• Records to process
# # # # #

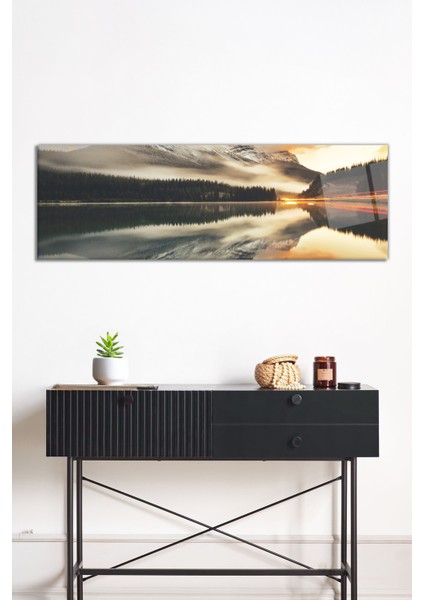 Orman Gökyüzü ve Yansıması Panoramik Cam Tablo, Darbelere Dayanıklı Kırılmaz Cam, Hediyelik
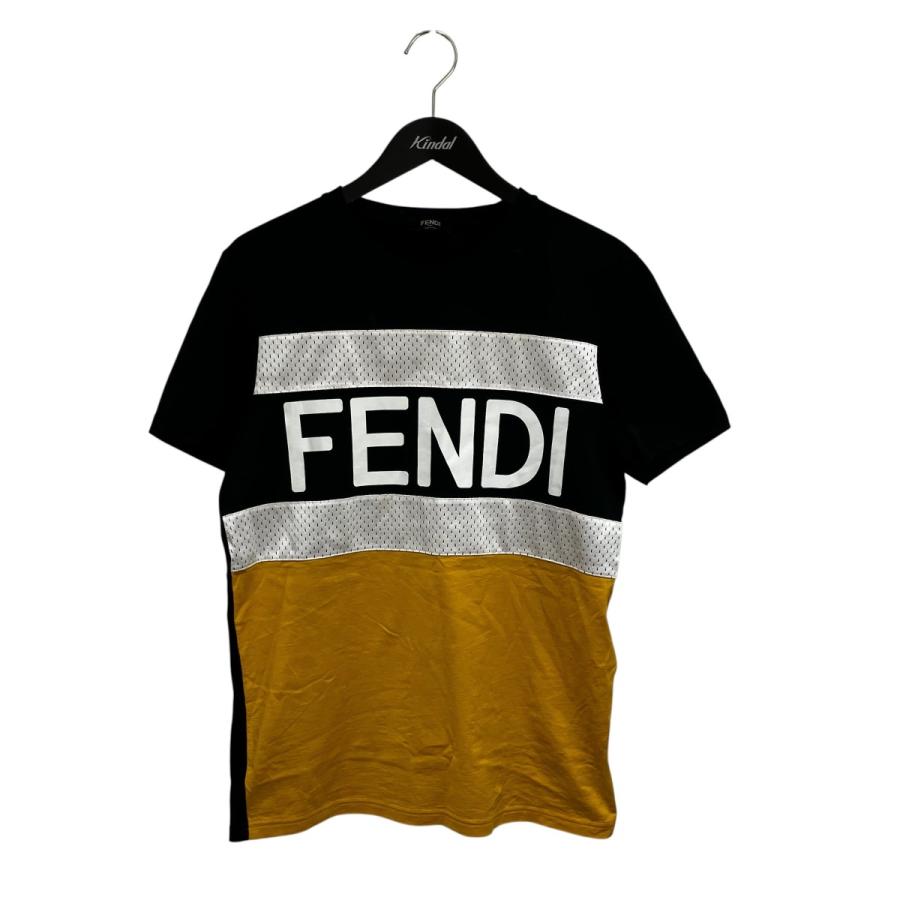 FENDI フェンディ ロゴプリント メッシュ半袖シャツ カットソー ブラック/イエロー FAF532AD3V FENDI（フェンディ） ロゴメッシュ 半袖Tシャツ FAF532 AD3V ブラック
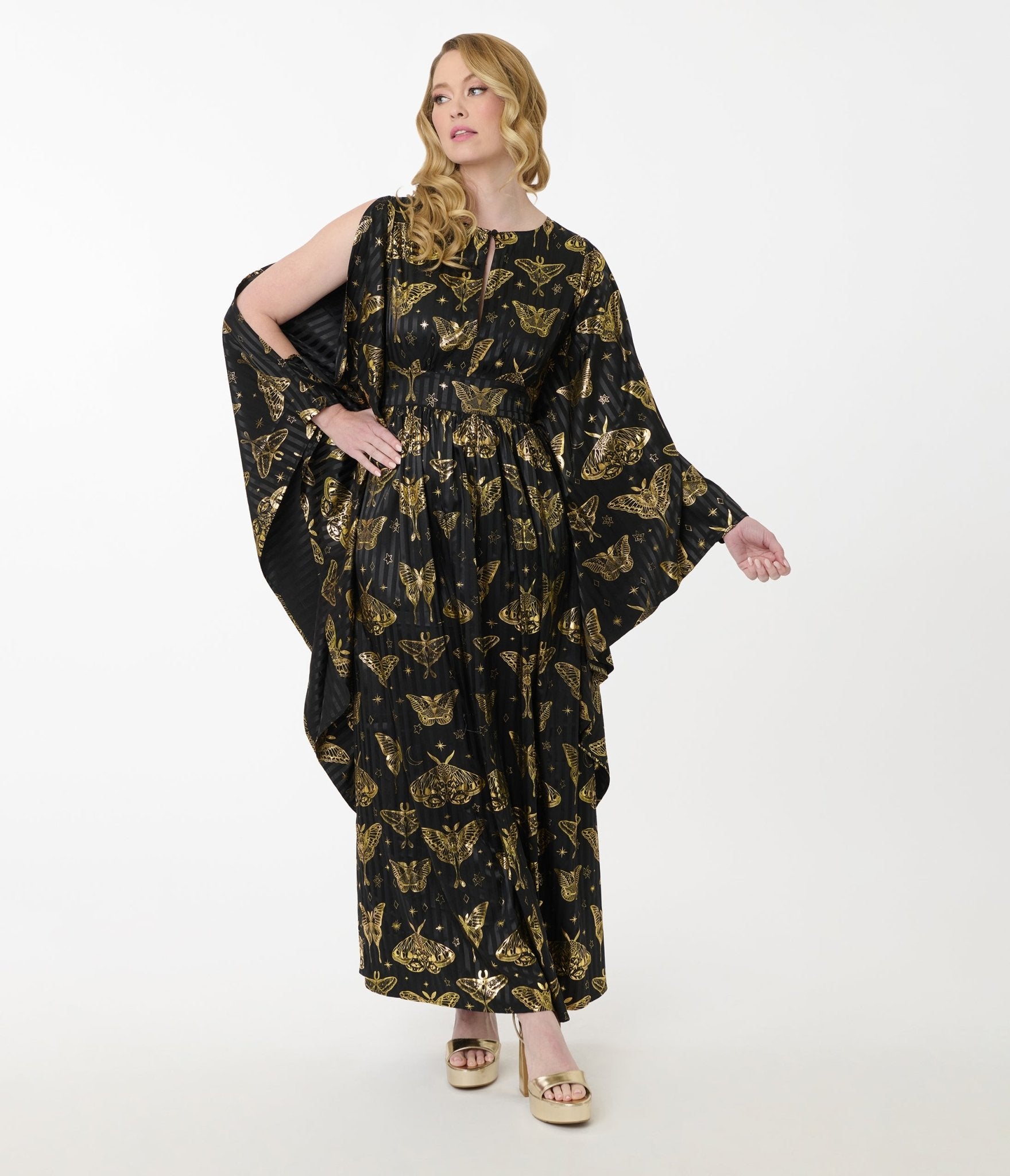 Unique Vintage Black & Gold Moth Flutter Sleeve Caftan - Unique Vintage - Womens, DRESSES, MAXI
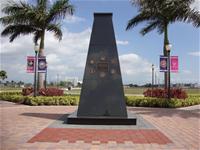 Veterans Memorial Oblisk with bricks below
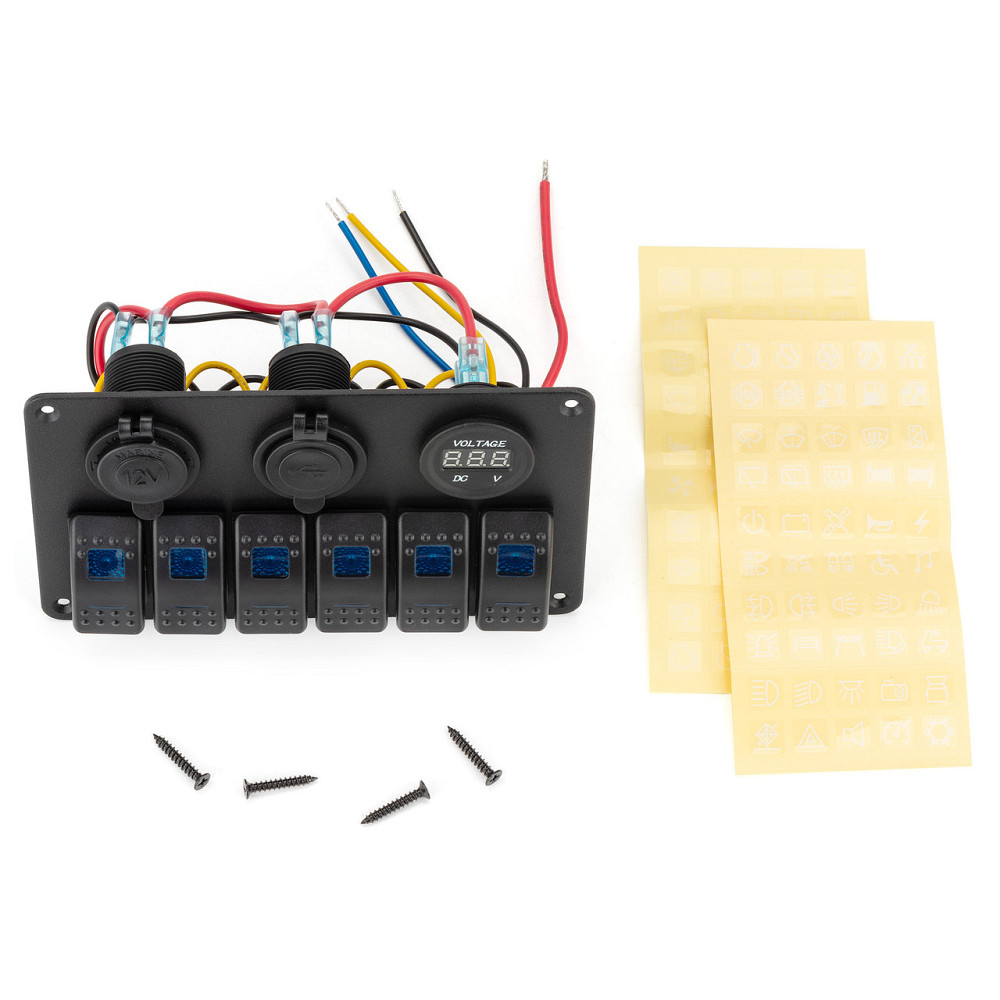 Панель переключения на 6 кнопок с вольметром, USB и прикуривателем Киев - изображение 4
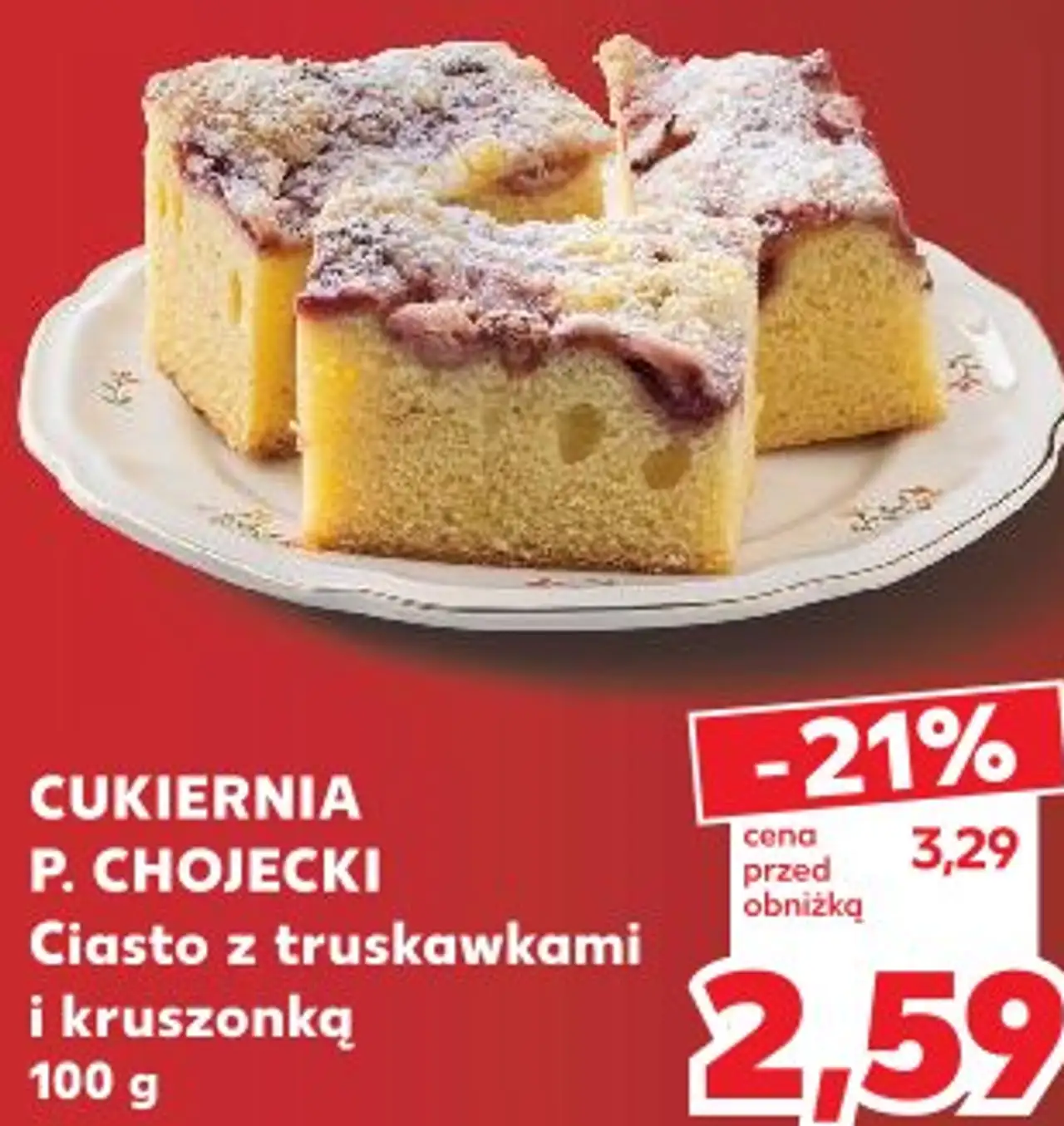 Cukiernia P. Chojecki Ciasto z truskawkami i kruszonką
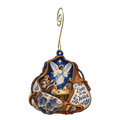 O819 — Flint and the Night Watch wooden Nativity ornament with gold spiral hook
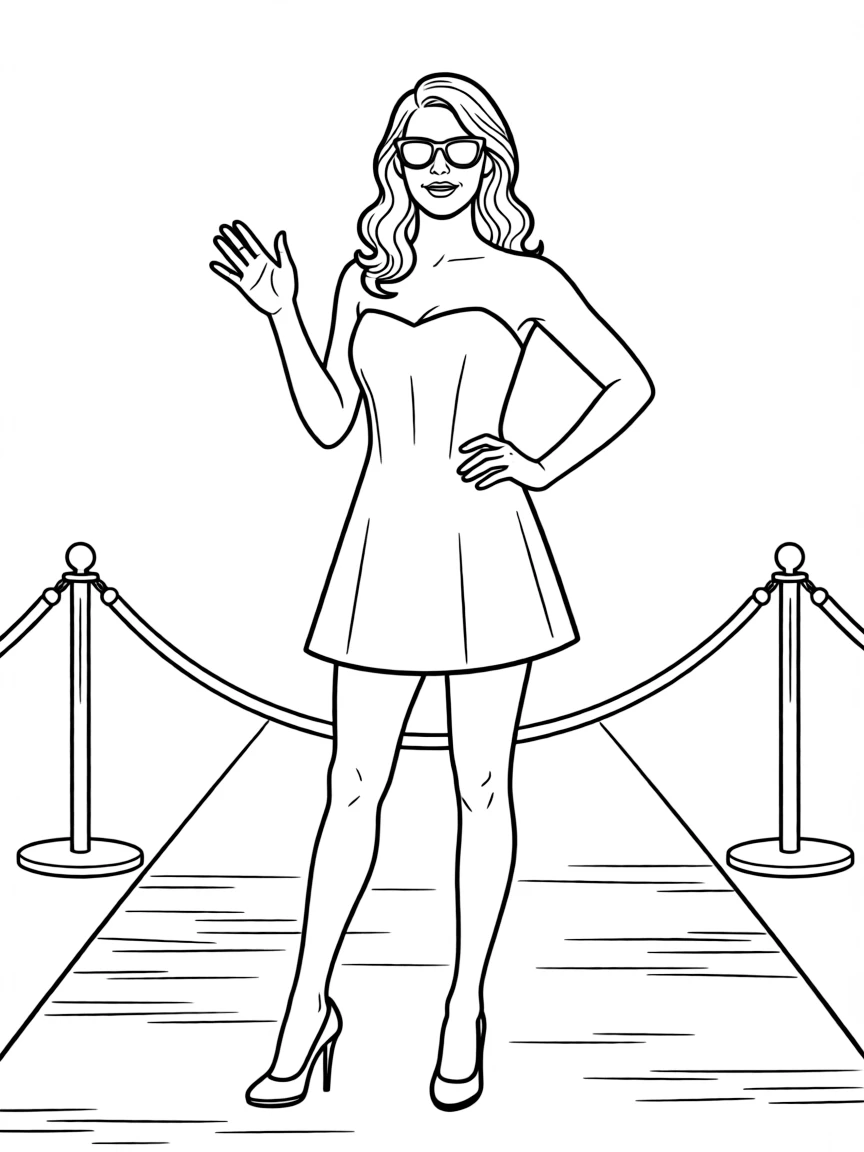 Emma Stone posing with sunglasses and a cool outfit on the red carpet.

# # # # #

• Exercise details
Leave out the pictures and repeat exactly the lines from the one containing "O819 — Flint" through the last line of the entries.

• Reply to the task
 O819 — Flint and the Night Watch wooden Nativity ornament with gold spiral hook
 Emma Stone posing with sunglasses and a cool outfit on the red carpet.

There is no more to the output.